Archive for April, 2010

Marvel 1602 by Neil Gaiman

This was an alternate history of the tale ending the Elizabethan reign in England. Combining supernatural occurances, with historical references, the plot revolves around Virginia Dare returning to England from the New World.  Bizarre weather occurances concern Queen Elizabeth and her court magician, Dr. Stephen Strange.  Assassination attempts, warfare, and chaos ensues as characters try to figure out a connection between the strange occurances.  Gaiman presents the Marvel characters in a unique light, 400+ years in the past.

I loved this book.  The combining of history, sci fi, and superhero action is a trifecta of reading bliss.

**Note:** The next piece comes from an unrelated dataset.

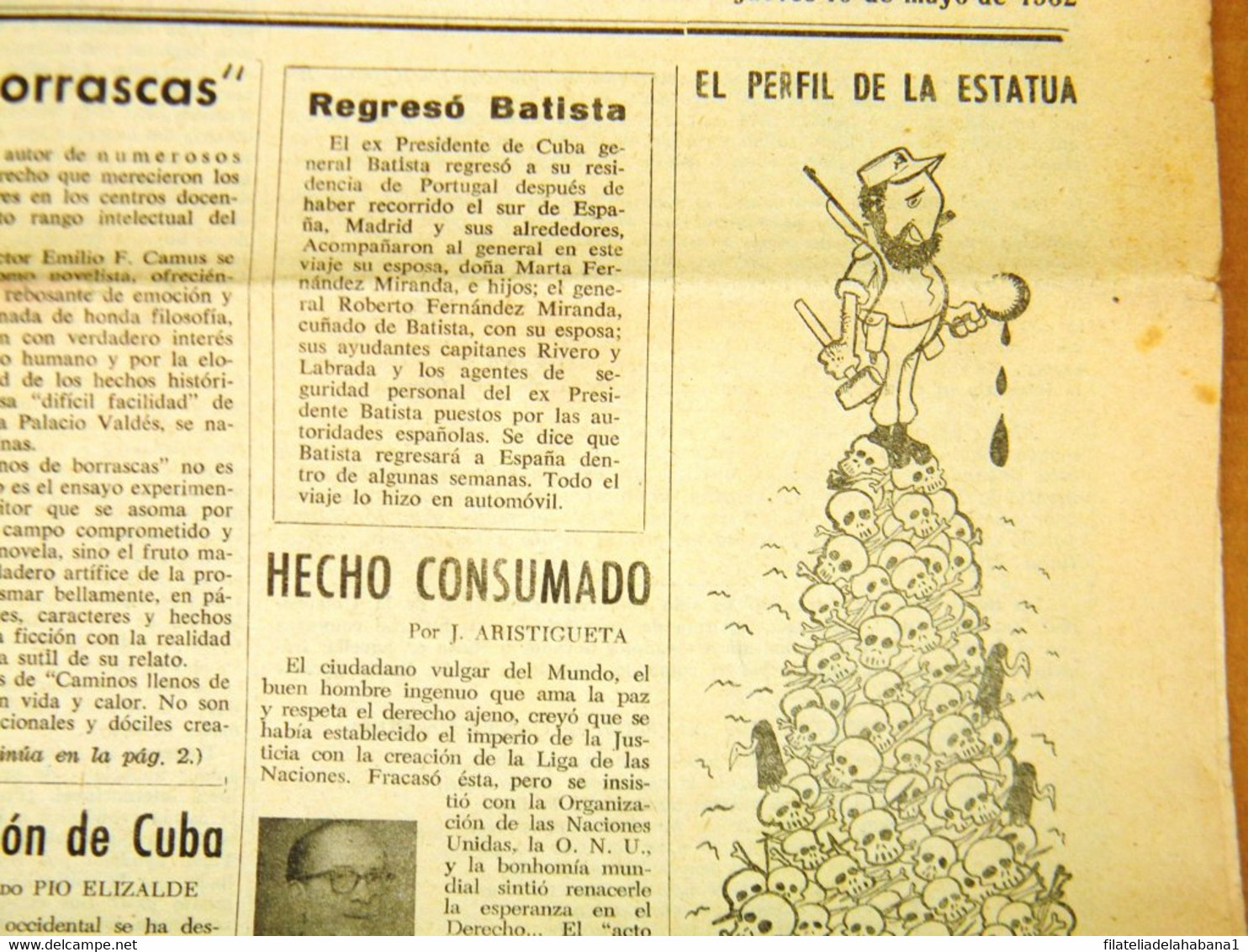 BP-320 CUBA  ANTICOMMUNIST NEWSPAPER ACCION CUBANA ESPAÑA PRINTING 10/MAY/1962. - [4] Themen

Although I am not a huge Marvel reader, it was a great read, and I was able to figure out which superhero (or villain) the 1602 characters represented.  The X-Men, Fantastic Four, Spider-Man, DareDevil, and more are featured here.

Highly recommended if you have a basic knowledge of Marvel characters.  If not, try brushing up on the basics first, before tackling this otherwise tough read.

Reviewed by: Angie


This World We Live In by Susan Beth Pfeffer

This was the final installment in the trilogy by Pfeffer.  This book returns to Miranda’s home nearly a year after the catastrophes resulting from the moon being knocked out of orbit took place.  Her diary records her story of surviving, first with just her brothers and mother, and then when her father and his new family and friends show up.  She falls in love with one of the strangers, and the story takes a romantic turn, with the apocalypse still going on around them.  More surprises occur; with a final, climactic tornado that threatens everything that they have fought for.

I was engrossed from the beginning of this book.  I very rarely finish a book in one sitting (except for graphic novels), but this was an exception.  I got caught up in the gamut of emotions that Miranda felt, and as I got closer to the end of the book, started to dread the end that I thought was going to occur.  I just did not want the book to end.  I had waited so long for this book.

Possible Spoilers:



Although I knew that this book was not going to have a pat happy ending, I did not enjoy the way things wound up.  I felt disappointed; the book, although very well written and gripping otherwise, left me feeling angry.  I felt that Miranda’s actions did not fit the character, and that her previous spirited independence turned into characteristic “I am not anything without him” syndrome.

Disappointing ending to an otherwise great series.  Recommended, but only in order to finish up the series.

Kingdom Come by Mark Waid, et al.

This Graphic Novel was released in 1997 as a possible future of the DC Comics characters.  Told from the perspective of a pastor who has apocalyptic visions, he is transported by the Spectre to various places that are gearing up for warfare against out of control metahumans that all call themselves “superheroes”.  This is a future in which Superman is in retirement after the death of his wife Lois Lane, and the world is in need of a superman more than ever. This is the ultimate tale of good and evil, and of a possible Armageddon. 

In 1997, this was written as an out of continuity “elseworlds” story, but in the last few years, the world of DC is starting to include some plot points and characters of this miniseries as a result of re-introducing the multiverse.

Alex Ross was the artist of this graphic novel, and so the artistry is amazing.  The characters are very life-like. I highly recommend this book.